Homes around the world support daily routine, shaped by local traditions and contemporary trends. They are places to celebrate, shelter, work and play, and need to be more than merely beautiful.
“In design, the principal ‘form follows function’ suggests that the shape of a building or object should be primarily based upon its intended purpose. So it’s so imperative that our homes are functional,” says Australian trend forecaster, Kim Chadwick.
And it’s more than just the layout of the house. “It incorporates the materials you use and the way in which you use them to create an intrinsic functioning home,” Kim adds. As well as affecting our movements and influencing our emotions, buildings respond to the demands of climate to keep us protected. Thus, utilising materials with good thermal mass, such as bricks, has many functional advantages.
BENEFITS OF BRICK
A stylish and durable material, bricks have a host of functional benefits.
Fire Protection Bricks are fired at temperatures up to 1200 degrees Celsius, meaning they are a non-combustible material. Brick is an excellent choice to resist or confine fire.
Double Brick In a double brick dwelling, the two leaves of brick walls are separated by a cavity that reduces thermal transmission and prevents moisture being transferred directly from the outside wall face to the interior of the building.

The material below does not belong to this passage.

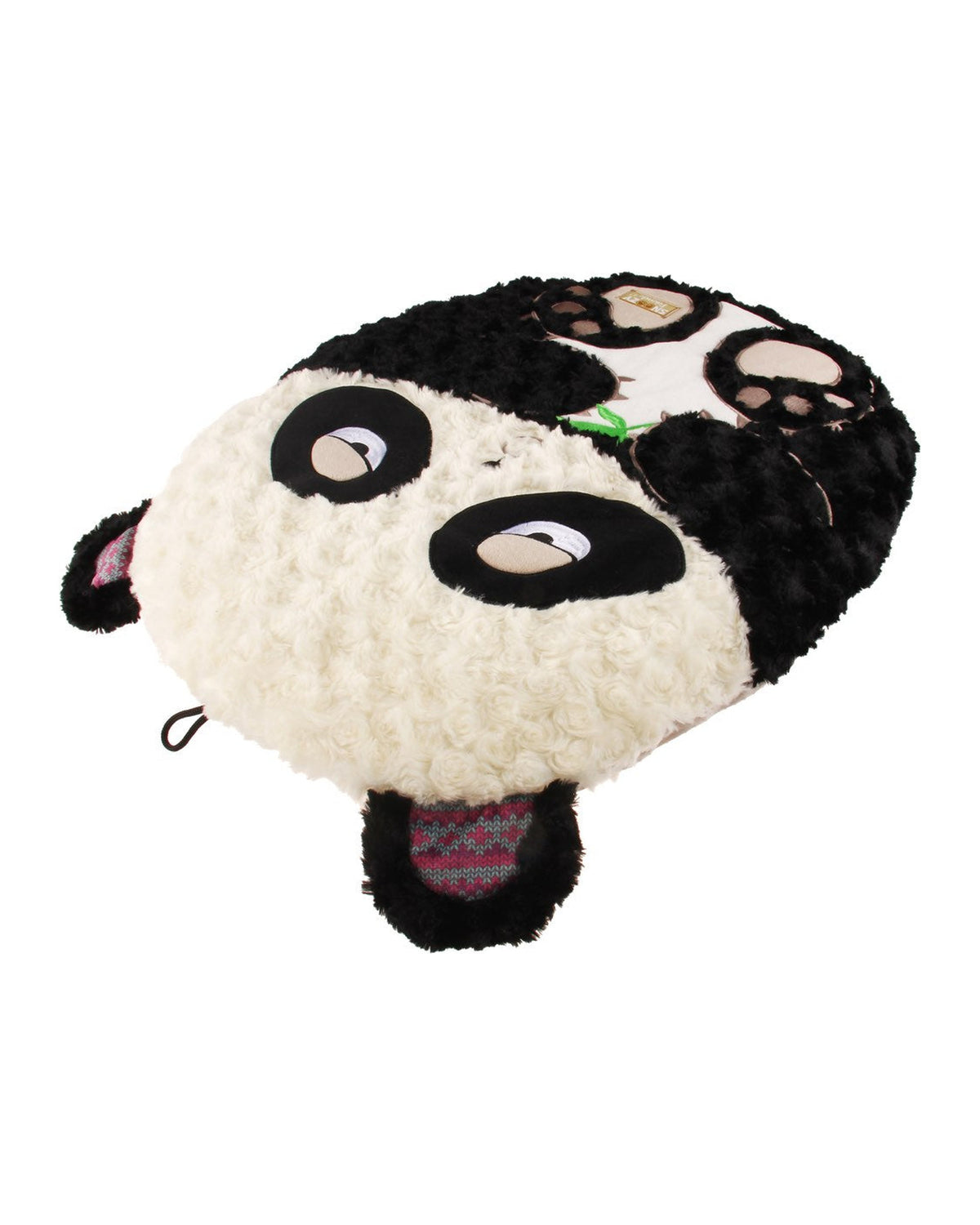 Ekstra Yumuşak Peluş Panda Şekilli Kedi ve Köpek Yatağı Gigwi Snoozy Friends Siyah/Beyaz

Solid Bricks Solid brick walls deliver good load bearing capacity, along with substantial thermal mass to provide a unique combination of structural, thermal and aesthetic benefits.
Sound Insulation Brick walls provide excellent sound insulation. Due to their mass, they particularly help with low frequency noise.

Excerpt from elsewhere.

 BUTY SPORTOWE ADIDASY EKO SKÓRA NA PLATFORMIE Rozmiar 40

FUNCTIONALITY: PAST & PRESENT
The history of functionality dates back to 15BCE from a philosophical perspective known as the Vitruvian classic goals of architecture. The three principles or goals, firmitas, utilitas and venustas, are conventionally translated to structural integrity, utility and beauty.
Today, architect and design writer Stephen Crafti believes we’re using materials in a smarter way. “Rather than having a brick wall hiding behind plaster and paint, people are stripping back the materials and utilising the rawness of brick. We are seeing kitchen splash backs in brick, and there is something lovely about touching an original wall,” he says.
“Sometimes it’s the simple things and the way simple materials are used in the maximum effect that inspires us in our homes.”